Vitis Tutorials: AI Engine Development (XD100)

Document ID
XD100
Release Date
2026-03-27
Version
2025.2 English

To realize advantages of AI Engine processing, you must vectorize computations. Applying this to pixel interpolation, the calculation can be restated as:

\[f(x_q,y_1) = x_{frac}f(x_2,y_1) + f(x_1,y_1) - x_{frac}f(x_1,y_1)\]

and

\[f(x_q,y_2) = x_{frac}f(x_2,y_2) + f(x_1,y_2) - x_{frac}f(x_1,y_2)\]

for the first two interpolations in the x coordinate, and

\[f(x_q,y_q) = y_{frac}f(x_q,y_2) + f(x_q,y_1) - y_{frac}f(x_q,y_1)\]

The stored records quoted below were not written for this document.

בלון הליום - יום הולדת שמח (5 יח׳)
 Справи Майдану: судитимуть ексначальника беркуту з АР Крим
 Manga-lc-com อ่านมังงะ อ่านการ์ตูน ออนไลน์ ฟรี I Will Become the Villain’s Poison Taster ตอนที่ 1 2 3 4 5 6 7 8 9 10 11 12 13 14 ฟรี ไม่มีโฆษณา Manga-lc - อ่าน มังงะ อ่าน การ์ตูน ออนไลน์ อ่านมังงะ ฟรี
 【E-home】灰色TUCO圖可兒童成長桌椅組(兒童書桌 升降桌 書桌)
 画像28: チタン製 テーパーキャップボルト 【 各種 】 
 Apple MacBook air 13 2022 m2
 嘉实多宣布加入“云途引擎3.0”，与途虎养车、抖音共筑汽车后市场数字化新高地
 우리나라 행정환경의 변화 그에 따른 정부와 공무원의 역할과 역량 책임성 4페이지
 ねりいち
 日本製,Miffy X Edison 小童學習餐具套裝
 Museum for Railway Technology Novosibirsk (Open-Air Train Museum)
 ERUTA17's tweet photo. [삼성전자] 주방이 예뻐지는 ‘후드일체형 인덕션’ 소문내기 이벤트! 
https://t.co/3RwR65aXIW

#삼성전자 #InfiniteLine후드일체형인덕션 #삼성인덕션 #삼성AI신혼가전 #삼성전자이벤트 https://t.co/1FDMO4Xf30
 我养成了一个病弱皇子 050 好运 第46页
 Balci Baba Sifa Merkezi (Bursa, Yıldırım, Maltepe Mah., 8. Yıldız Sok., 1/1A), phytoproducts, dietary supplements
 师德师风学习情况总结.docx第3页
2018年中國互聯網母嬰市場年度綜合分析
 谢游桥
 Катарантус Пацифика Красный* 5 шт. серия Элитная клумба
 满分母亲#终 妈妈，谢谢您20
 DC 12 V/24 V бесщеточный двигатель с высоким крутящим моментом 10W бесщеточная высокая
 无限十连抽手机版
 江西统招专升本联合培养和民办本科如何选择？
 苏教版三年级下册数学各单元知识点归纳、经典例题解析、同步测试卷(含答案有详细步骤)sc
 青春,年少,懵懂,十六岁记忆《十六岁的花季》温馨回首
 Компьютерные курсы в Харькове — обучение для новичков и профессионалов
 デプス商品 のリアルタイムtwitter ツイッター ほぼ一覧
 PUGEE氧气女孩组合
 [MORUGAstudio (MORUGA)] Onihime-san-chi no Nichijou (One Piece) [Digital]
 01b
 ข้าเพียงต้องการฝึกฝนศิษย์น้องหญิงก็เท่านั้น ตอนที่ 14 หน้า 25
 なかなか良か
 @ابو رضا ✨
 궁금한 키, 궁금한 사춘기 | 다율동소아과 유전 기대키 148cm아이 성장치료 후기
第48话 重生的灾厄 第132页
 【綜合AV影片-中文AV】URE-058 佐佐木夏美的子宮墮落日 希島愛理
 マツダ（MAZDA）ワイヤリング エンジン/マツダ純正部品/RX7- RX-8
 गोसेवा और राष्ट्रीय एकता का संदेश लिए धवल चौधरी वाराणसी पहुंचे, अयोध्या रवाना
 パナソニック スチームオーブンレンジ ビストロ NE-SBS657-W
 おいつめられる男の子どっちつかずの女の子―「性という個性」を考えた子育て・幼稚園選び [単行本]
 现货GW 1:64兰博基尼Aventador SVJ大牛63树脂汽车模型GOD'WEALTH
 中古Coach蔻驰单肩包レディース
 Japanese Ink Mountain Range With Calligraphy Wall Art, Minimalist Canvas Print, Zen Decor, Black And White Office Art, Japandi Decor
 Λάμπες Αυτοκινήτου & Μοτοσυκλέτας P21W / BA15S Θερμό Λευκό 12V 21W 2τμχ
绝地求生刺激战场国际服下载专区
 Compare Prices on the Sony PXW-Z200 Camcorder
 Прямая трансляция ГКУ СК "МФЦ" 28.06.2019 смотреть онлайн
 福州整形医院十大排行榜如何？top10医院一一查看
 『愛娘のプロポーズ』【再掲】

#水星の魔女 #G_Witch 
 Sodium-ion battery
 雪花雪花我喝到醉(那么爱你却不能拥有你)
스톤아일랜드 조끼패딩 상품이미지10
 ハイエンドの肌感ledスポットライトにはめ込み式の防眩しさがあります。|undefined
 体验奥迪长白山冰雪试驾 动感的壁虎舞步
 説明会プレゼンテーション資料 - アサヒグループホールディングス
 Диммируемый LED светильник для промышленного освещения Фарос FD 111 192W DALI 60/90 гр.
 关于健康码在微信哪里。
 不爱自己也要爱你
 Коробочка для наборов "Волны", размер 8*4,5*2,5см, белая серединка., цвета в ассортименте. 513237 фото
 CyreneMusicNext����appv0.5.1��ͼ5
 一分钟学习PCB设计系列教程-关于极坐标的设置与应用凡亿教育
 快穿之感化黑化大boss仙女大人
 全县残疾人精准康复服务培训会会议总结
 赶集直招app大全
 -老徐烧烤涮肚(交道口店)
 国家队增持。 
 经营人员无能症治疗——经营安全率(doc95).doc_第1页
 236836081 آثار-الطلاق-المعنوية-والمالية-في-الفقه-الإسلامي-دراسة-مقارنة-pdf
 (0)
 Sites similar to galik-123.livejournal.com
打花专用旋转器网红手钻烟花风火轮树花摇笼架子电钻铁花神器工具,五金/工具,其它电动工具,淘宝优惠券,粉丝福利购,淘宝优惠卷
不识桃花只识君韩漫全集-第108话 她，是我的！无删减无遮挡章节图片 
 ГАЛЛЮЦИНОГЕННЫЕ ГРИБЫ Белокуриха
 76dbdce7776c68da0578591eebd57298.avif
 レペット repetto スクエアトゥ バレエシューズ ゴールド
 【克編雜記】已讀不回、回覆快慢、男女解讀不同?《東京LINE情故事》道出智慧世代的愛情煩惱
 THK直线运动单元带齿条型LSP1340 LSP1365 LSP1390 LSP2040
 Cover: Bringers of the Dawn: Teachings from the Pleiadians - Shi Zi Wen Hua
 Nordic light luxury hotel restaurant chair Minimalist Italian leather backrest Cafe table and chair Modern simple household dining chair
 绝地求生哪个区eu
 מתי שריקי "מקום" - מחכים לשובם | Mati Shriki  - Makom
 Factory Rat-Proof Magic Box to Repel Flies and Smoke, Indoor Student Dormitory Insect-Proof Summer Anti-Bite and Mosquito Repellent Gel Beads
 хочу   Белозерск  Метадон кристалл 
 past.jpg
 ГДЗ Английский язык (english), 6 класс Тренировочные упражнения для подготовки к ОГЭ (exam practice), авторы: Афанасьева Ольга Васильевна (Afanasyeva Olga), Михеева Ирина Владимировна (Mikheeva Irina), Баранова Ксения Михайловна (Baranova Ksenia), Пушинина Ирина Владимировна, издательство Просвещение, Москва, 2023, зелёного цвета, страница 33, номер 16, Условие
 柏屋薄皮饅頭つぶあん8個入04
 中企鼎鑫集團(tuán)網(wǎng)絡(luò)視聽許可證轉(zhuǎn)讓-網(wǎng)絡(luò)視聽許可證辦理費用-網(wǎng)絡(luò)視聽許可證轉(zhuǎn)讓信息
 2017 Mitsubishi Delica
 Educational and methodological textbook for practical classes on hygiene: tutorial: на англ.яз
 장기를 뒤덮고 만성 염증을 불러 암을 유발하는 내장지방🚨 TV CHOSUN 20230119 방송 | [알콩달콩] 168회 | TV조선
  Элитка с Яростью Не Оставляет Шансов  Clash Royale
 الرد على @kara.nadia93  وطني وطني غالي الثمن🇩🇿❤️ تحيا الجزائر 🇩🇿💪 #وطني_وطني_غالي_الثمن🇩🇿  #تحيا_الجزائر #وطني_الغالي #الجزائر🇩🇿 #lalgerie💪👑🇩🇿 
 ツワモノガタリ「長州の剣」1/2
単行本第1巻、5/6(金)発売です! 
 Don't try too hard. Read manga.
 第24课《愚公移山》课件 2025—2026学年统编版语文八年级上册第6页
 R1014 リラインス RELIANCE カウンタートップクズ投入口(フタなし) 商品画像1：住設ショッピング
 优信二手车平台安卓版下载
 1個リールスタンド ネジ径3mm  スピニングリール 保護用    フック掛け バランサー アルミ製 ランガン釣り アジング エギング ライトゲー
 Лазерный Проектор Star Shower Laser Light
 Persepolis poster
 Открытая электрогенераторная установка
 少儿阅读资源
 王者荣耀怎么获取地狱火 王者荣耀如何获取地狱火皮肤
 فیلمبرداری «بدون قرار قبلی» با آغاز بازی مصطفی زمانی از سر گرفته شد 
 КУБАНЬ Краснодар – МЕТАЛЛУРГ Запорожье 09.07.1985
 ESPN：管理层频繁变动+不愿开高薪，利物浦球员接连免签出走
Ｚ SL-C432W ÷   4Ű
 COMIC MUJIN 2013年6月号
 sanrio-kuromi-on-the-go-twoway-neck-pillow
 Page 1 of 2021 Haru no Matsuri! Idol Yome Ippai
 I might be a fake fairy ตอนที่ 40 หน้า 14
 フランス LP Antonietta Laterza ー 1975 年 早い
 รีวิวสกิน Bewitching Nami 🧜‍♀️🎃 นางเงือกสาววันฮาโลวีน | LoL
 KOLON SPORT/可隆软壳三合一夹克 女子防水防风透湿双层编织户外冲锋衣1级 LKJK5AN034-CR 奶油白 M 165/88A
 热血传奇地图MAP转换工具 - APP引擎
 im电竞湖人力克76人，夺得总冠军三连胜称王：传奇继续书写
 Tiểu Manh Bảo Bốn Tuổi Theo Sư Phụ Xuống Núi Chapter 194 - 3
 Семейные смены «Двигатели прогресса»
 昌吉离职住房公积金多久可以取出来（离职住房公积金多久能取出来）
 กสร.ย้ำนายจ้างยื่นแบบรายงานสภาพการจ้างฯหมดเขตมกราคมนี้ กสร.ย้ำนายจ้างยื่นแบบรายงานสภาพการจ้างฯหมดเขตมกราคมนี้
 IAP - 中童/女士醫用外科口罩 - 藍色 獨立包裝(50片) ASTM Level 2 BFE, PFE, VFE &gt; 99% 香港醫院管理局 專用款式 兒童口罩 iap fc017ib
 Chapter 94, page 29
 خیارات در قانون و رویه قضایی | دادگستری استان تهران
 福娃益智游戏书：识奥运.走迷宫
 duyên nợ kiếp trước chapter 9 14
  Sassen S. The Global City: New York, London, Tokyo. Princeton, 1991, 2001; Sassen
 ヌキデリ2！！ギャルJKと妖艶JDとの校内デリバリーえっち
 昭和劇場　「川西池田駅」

for the final interpolation in the y coordinate. By reformulating the computation in this way, the first two terms in each equation represent a multiply-accumulate (MAC) operation. You can use this in a follow-on multiply and subtract from accumulator (MSC) operation to obtain the result. Each interpolated pixel requires 3 MAC plus 3 MSC operations.

This example uses single precision floating-point for computation. Figure 5 shows the floating-point vector unit of an AI Engine. Observe that the multiply and accumulator units process eight lanes in parallel. SIMD parallelism uses a pixel-per-lane approach. Because each pixel requires 3 MAC plus 3 MSC operations, each of which may execute in a single clock cycle, a lower limit on computation requirement would be 0.75 cycles per pixel. Consider this bound on computation as a ballpark estimate on expected performance, which is likely unachievable due to overhead, bandwidth limitations, and pipelining inefficiencies.

figure5

Figure 5 - Floating-Point Vector Unit